Horizontally scale with containers. Given that we're running only one job per process, running code on more powerful servers (vertically scaling) doesn't equate to higher throughput. Thus, the answer for us was horizontally scaling smaller instances of each service to meet demand.
It's important that all of these machines are running the same versions of the code for consistency, so we package each version of our code into executable images with Docker. We build the images in our CI environment on every deployment, and when new containers are deployed to meet demand, they pull the latest image.
Add auto-scale monitors. We monitor a few key metrics to determine scaling logic, which include the number of jobs in the queue, the oldest jobs in the queue, memory usage on the machines, response times from requests, and endpoint health checks.
Separate domain-specific code into microservices. Our microservice architecture allows us to auto-scale resources independently, meaning there could be a single instance of Hermes accepting requests but hundreds of Hercules instances processing them. Additionally, we have many more microservices for various functionality required by Hermes or Hercules to access data stores.

Persisted State

Our users' workflows may run in milliseconds, minutes or days depending on their configuration. We're often deploying new features multiple times a day, meaning servers terminate to pull the latest images, and jobs execute in separate processes across a variable amount of servers.

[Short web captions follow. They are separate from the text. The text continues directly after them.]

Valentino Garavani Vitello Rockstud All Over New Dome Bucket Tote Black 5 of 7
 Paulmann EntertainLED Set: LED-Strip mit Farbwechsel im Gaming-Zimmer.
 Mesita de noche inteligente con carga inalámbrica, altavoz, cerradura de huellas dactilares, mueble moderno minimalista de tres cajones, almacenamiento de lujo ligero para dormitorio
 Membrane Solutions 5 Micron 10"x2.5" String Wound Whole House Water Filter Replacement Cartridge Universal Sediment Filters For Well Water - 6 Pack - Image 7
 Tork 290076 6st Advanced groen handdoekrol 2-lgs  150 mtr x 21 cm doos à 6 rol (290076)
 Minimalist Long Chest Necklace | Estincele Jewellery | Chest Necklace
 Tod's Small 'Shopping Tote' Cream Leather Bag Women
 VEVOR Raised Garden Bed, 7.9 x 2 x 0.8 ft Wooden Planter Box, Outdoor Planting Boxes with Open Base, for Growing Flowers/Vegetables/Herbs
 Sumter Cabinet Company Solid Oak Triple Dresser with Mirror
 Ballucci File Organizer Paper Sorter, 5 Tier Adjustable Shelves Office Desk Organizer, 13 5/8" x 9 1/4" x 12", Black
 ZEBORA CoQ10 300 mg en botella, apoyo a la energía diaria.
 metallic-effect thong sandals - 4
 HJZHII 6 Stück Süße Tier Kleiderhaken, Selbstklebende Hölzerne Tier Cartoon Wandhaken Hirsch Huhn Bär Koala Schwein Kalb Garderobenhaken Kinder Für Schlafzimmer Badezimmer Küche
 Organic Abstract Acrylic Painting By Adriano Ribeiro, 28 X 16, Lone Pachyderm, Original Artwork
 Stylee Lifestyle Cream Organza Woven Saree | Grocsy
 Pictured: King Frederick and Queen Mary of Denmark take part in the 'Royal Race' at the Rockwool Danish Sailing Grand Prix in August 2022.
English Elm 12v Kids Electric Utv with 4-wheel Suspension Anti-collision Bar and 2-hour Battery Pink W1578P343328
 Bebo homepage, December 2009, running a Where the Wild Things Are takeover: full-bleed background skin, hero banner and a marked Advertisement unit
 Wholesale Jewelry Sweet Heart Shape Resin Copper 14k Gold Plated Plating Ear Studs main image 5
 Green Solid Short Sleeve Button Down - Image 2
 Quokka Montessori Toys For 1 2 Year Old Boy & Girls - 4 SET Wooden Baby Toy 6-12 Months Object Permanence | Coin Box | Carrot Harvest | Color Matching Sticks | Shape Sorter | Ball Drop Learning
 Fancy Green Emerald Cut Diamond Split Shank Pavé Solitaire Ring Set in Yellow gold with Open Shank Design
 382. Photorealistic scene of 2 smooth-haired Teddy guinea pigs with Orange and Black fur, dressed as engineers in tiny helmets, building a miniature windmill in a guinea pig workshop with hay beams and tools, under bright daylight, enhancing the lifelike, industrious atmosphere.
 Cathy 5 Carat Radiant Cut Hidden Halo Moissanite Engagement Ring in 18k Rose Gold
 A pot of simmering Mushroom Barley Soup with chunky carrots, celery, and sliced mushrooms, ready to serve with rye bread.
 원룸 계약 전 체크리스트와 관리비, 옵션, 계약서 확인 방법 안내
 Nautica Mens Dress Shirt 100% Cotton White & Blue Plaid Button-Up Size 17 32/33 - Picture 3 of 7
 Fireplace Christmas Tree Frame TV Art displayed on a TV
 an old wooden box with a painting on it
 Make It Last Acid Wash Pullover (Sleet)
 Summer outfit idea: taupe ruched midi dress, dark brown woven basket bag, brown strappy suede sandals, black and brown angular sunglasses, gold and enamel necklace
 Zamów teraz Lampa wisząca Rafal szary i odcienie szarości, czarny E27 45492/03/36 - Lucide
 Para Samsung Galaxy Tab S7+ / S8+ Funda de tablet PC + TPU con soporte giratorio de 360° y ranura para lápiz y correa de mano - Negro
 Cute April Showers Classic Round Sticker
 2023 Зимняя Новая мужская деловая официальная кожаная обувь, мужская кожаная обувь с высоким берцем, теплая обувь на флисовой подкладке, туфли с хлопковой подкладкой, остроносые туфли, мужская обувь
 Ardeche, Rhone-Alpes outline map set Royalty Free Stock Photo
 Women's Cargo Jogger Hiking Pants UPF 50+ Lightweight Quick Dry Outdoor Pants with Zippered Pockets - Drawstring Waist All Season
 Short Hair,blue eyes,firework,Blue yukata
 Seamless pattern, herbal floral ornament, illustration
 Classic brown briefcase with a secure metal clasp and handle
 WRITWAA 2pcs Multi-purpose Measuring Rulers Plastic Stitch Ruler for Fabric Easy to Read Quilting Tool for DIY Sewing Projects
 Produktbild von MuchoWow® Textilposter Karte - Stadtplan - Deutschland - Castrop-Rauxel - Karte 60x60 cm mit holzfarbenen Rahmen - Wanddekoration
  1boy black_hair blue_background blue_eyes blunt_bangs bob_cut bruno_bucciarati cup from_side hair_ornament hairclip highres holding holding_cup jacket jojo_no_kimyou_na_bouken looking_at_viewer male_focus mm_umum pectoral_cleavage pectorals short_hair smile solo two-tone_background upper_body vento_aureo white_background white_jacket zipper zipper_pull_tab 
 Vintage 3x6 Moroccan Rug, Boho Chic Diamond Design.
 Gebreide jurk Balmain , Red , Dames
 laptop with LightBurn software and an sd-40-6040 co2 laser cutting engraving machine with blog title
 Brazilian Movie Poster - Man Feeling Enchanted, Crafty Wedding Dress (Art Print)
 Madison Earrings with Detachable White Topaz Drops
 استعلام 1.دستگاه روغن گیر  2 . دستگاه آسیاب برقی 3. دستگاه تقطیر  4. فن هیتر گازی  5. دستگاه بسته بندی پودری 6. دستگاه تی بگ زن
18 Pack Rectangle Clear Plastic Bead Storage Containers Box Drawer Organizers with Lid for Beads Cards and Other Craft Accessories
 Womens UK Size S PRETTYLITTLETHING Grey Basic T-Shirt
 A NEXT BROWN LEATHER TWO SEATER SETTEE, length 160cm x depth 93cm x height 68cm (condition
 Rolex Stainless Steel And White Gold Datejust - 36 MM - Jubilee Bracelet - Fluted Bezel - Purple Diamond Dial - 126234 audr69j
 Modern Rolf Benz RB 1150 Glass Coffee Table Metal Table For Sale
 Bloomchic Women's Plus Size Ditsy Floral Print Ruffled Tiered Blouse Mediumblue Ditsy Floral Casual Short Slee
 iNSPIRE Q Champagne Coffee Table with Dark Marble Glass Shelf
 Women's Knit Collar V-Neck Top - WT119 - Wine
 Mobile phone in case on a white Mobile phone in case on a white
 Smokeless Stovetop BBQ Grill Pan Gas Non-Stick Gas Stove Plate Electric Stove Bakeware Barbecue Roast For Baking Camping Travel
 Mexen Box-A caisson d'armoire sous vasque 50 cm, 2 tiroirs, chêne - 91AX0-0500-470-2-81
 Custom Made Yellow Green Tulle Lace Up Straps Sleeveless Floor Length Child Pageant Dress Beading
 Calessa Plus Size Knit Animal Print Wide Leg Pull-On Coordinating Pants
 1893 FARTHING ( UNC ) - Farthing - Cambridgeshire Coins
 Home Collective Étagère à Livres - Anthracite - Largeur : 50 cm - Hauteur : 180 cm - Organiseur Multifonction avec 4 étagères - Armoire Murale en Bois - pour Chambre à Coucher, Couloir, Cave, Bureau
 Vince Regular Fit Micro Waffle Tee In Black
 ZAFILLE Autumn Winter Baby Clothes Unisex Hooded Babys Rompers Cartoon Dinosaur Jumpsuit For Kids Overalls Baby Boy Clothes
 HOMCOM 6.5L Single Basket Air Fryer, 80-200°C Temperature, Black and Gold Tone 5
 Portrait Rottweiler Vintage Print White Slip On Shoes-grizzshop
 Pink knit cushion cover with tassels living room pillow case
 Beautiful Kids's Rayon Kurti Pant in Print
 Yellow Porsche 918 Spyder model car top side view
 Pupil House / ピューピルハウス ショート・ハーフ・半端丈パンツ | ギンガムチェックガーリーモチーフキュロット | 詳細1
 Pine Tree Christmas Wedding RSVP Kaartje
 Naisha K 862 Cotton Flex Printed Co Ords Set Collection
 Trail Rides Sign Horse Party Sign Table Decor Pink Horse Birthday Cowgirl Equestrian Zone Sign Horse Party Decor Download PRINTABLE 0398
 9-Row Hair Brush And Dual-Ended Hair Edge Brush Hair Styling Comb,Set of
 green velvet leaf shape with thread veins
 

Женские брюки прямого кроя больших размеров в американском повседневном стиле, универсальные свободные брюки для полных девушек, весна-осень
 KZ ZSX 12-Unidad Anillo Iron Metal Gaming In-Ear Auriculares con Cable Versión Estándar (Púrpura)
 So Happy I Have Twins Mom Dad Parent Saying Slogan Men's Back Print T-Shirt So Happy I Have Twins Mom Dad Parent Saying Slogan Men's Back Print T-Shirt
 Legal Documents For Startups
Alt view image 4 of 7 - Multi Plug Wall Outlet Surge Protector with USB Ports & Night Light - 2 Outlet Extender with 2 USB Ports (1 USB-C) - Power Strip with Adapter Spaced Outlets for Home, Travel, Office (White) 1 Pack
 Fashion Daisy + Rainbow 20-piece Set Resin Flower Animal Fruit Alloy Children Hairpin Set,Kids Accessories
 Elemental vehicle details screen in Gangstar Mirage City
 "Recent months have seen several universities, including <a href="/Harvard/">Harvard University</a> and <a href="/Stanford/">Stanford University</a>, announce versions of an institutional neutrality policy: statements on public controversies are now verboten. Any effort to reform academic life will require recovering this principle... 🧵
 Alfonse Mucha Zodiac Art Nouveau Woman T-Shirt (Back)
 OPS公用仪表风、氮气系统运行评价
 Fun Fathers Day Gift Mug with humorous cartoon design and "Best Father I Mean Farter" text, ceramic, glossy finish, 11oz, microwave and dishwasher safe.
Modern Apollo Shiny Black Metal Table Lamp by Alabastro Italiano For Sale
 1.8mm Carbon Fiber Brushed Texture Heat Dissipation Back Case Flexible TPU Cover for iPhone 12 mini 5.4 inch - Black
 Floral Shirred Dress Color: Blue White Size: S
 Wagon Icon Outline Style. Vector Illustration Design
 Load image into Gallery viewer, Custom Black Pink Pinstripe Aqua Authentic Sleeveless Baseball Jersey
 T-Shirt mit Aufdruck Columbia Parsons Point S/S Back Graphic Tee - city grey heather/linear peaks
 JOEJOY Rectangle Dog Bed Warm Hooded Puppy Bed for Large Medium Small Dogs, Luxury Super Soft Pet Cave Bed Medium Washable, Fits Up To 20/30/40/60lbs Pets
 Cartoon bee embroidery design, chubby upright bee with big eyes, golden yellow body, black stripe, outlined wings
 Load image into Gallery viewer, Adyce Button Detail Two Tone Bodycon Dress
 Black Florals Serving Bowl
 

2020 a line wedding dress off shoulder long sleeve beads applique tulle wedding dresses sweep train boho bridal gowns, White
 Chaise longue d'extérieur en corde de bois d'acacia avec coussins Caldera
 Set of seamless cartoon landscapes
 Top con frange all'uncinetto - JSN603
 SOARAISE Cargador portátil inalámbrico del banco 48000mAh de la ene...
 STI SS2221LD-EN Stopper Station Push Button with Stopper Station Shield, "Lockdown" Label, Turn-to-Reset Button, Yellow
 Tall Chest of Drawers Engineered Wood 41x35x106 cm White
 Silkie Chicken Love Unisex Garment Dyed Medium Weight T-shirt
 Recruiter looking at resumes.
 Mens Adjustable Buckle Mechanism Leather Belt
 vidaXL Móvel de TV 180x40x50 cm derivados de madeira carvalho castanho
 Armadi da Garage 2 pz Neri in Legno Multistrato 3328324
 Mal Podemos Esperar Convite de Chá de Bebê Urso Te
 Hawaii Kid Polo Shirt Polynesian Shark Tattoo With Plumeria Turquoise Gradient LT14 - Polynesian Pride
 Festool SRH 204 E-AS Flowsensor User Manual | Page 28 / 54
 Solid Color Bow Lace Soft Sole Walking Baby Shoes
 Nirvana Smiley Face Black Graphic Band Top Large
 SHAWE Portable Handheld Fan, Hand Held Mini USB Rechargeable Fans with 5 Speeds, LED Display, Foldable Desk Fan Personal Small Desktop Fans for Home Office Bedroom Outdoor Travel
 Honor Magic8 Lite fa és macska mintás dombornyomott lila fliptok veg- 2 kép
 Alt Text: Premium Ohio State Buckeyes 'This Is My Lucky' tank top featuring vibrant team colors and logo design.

This means workflow state can't be stored in memory otherwise other machines wouldn't have access to them.

Steps may need data from previously executed steps in a workflow that ran some unknown time ago. Additionally, jobs should only be executed once, meaning whether there's one processing server or thousands, there should be no race conditions amongst workers.

These are all common scenarios for a worker queue. The solution for all of this is straight-forward:

Don't store anything important in memory or on the containers.
Use an ACID compliant datastore external to the containers. This allows for locking mechanisms for jobs and reliability when reading / writing data.

Cache Rules (Everything Around Me)

Our distributed architecture comprises of multiple microservices with their own data stores, some of which having multiple data stores they read and write to. A single API call to one microservice may trigger a dozen calls to other services, reads and writes, encryption / decryption methods, etc which can lead to hundreds of milliseconds, if not seconds, of overhead.

Given that a workflow can have any amount of steps, every 100 milliseconds added to a step can lead to an unideal user experience.

Caches can have huge performance improvements across systems when implemented correctly. One thing to consider here is that in a containerized n-scaled microservice architecture, in-memory caches, while easy to implement and very performant, aren't always the best choice.

If a microservice has 10 instances behind a load balancer each running with in-memory caches implemented in front of a database, the cache will miss nearly every time. Thus, we use Redis as a shared cache between instances.

Additionally, we considered the request volumes and read to write ratios. Given that our workflows execute on average thousands of times more than they're deployed, that was the very first thing we cached, which has in turn saved us millions of database queries, API calls between microservices, and seconds responding to API calls.

Conclusion

No system is perfect, but we're proud of what we've built at Paragon. Hercules does all of the heavy lifting while Hermes does all the talking. They can scale up and down independently of each other to meet demand, and when a process fails, other parts of the system are both unaware and unaffected.

We'd love to hear your thoughts on our implementation! Happy coding.